*DATASET*.

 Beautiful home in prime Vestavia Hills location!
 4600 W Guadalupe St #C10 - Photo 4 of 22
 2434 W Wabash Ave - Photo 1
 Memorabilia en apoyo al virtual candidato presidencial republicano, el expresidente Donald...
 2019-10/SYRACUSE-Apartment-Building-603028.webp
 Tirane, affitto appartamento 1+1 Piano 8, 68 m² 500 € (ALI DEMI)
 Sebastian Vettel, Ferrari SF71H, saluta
--
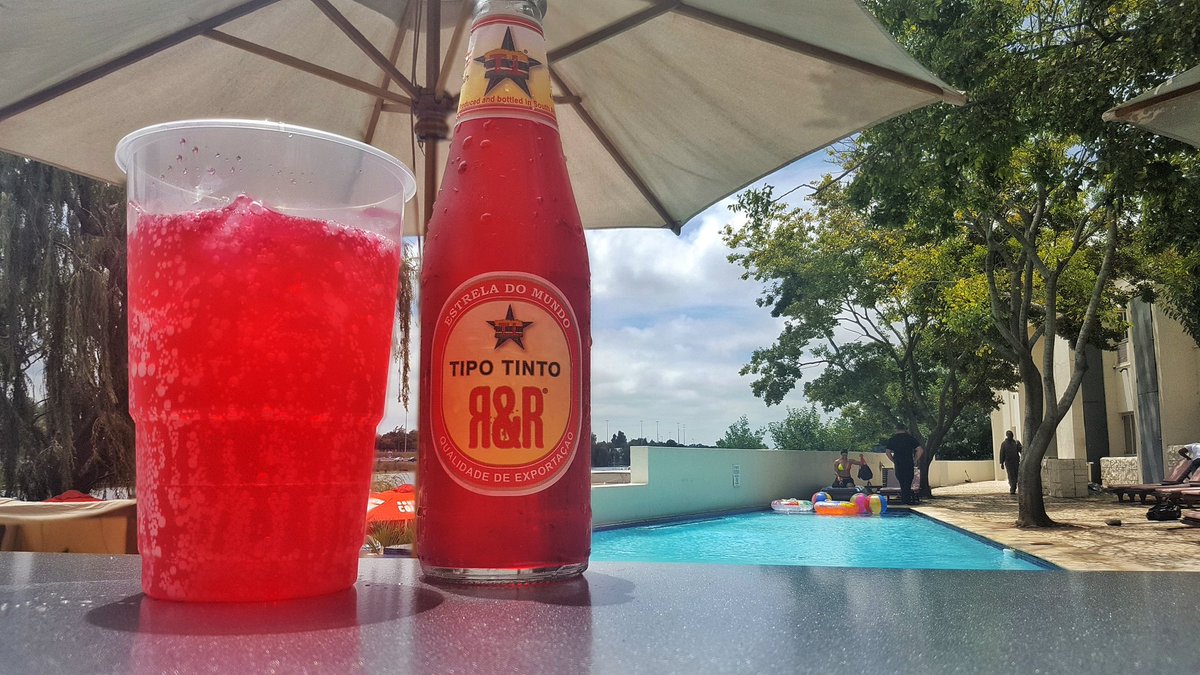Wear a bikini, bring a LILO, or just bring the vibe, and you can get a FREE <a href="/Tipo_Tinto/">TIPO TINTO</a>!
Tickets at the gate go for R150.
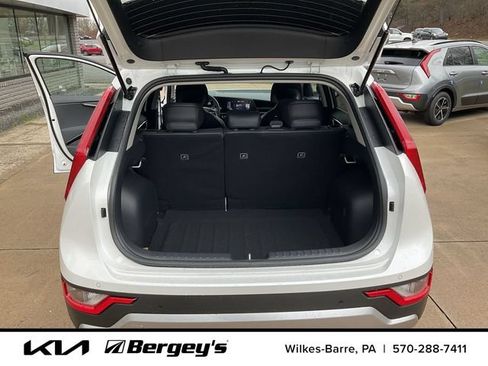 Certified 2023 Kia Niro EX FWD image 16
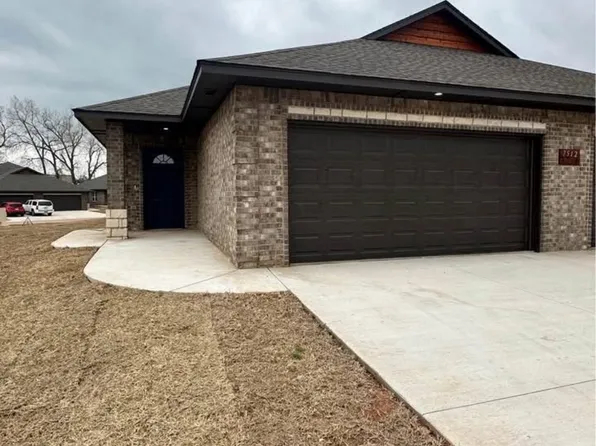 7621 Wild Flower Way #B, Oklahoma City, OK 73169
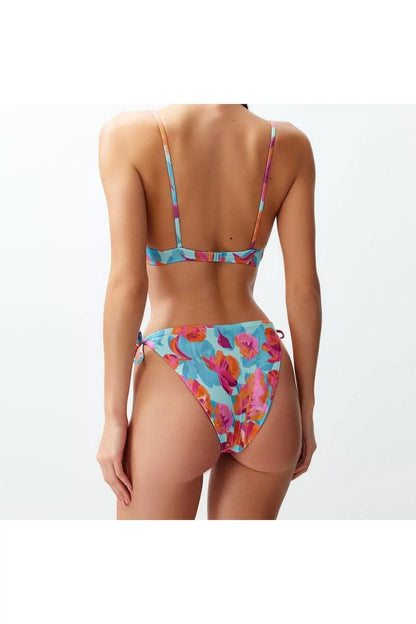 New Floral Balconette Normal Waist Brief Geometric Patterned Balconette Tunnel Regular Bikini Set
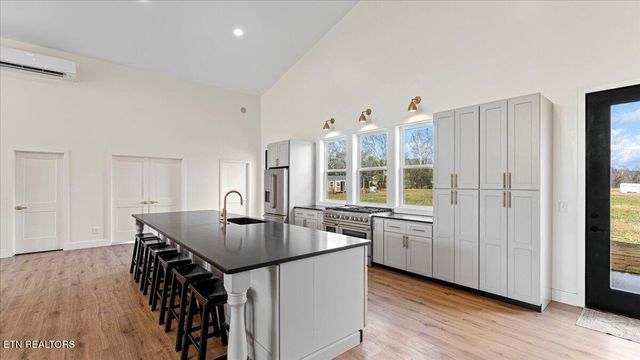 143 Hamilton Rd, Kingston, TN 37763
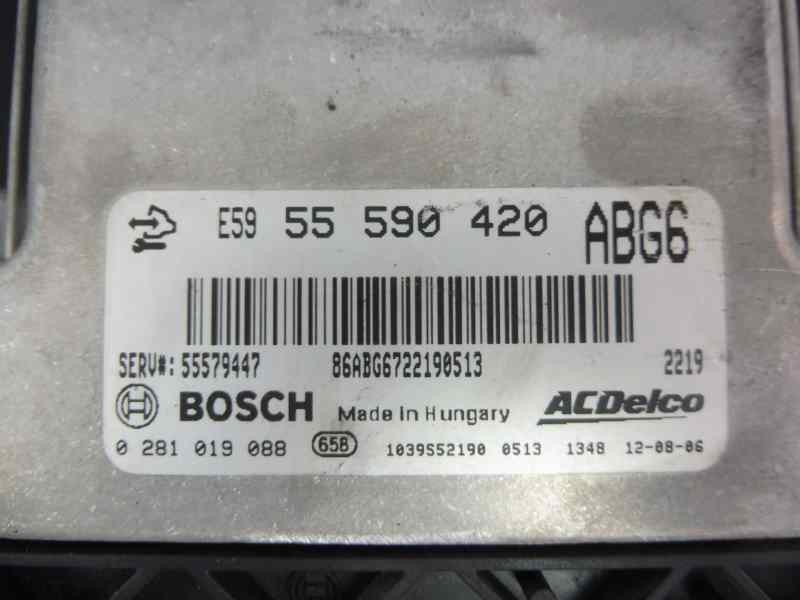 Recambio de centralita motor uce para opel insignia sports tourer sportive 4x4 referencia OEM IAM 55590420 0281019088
* * *
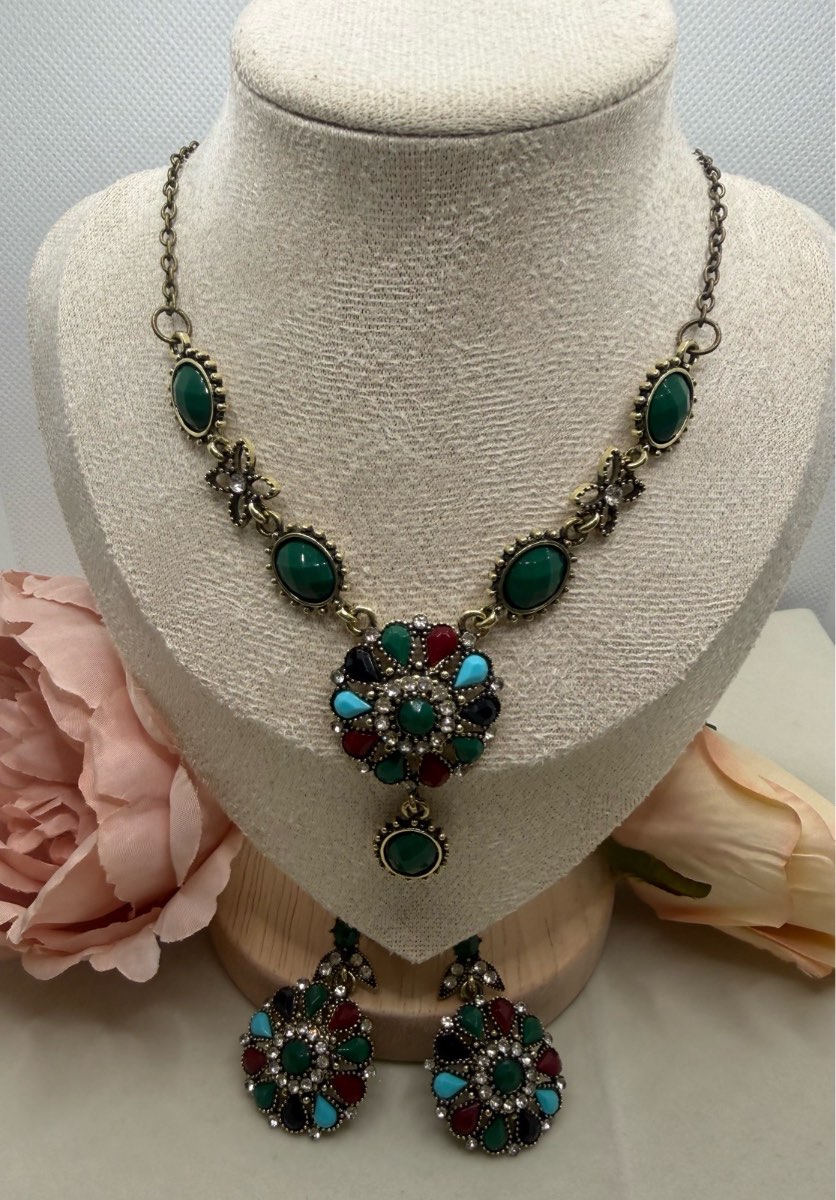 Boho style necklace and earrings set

*REQUIRED ACTION*.
Looking at the entries above, can you reproduce exactly the lines from the one that holds "Beautiful home in" through the one that holds "Sebastian Vettel, Ferrari SF71H, saluta", and only those?

*FINAL ANSWER*.
 Beautiful home in prime Vestavia Hills location!
 4600 W Guadalupe St #C10 - Photo 4 of 22
 2434 W Wabash Ave - Photo 1
 Memorabilia en apoyo al virtual candidato presidencial republicano, el expresidente Donald...
 2019-10/SYRACUSE-Apartment-Building-603028.webp
 Tirane, affitto appartamento 1+1 Piano 8, 68 m² 500 € (ALI DEMI)
 Sebastian Vettel, Ferrari SF71H, saluta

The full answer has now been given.